A FORMER borough councillor used an awards acceptance speech to sing the praises of an award-winning Basingstoke concert venue and urged members to keep supporting it financially.

Councillor Keith Chapman, below, who stood down as a Basingstoke and Deane Borough Council earlier this year after 32 years of service, received a long-service certificate and a decanter at the full council meeting last Thursday.

But rather than dwell on his years on the borough council, 70-year-old Cllr Chapman urged his former colleagues to keep supporting The Anvil, something he helped to bring to the town in 1994.

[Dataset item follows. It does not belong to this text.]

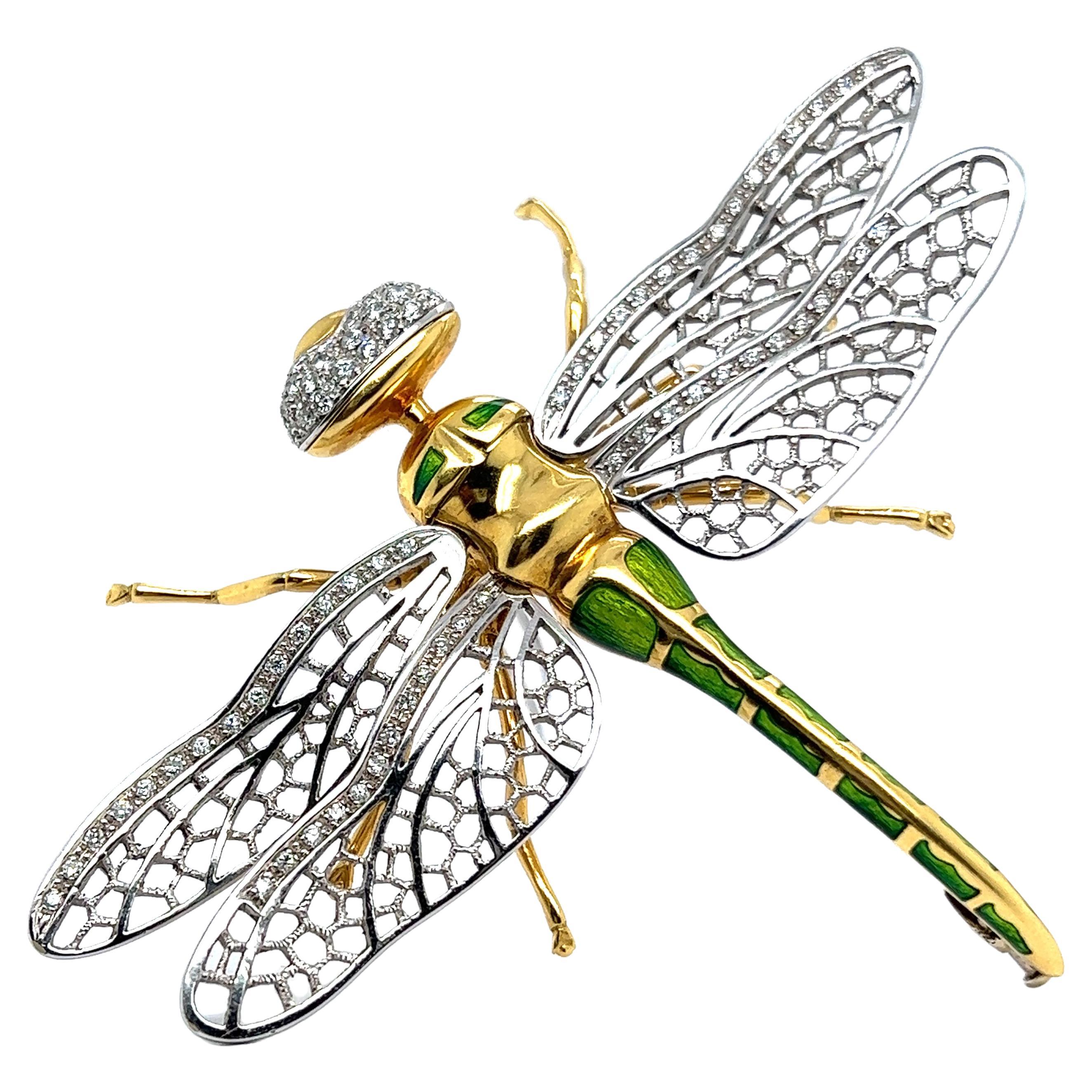 Bucherer Dragonfly Brooch with Diamonds in 18 Karat Yellow and White Gold For Sale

Cllr Chapman, who is executive member for culture and recreation at Hampshire County Council, told councillors: “I just want you to bear in mind, when you think about allocation of money, what a good investment it has been. Do not be overly negative about an asset that’s been driving this borough forward.”

Earlier this year, the borough council cut its funding for The Anvil Trust, which runs The Anvil and The Haymarket theatres, from £1.2million to £1.1m.

Cllr Chapman reminded councillors that The Anvil generates £6.2m per year to the economy in Basingstoke, and that visitors and performers spend money shopping in Festival Place.

He told the meeting the £300m shopping centre would not have been built if it wasn’t for The Anvil, right, and said the concert hall now has a Europe-wide reputation for its quality.

He said: “Every single day, Basingstoke is on the radio with people saying how good a place (The Anvil) is.

“I’m sorry to go on about it but I thought this was an opportunity to tell you the facts and figures of the thing that you built as councillors all those years ago.”

Former Liberal Democrat councillor Doris Jones, 70, who represented Brookvale and Kings Furlong until this year’s election, was also awarded a long-service certificate for her 10 years of service.

It was accepted on her behalf by Liberal Democrat Cllr John Shaw. She told The Gazette: “I really enjoyed all the time I was a borough councillor and I felt that as I was born and bred in Basingstoke, I was putting something back into the community.”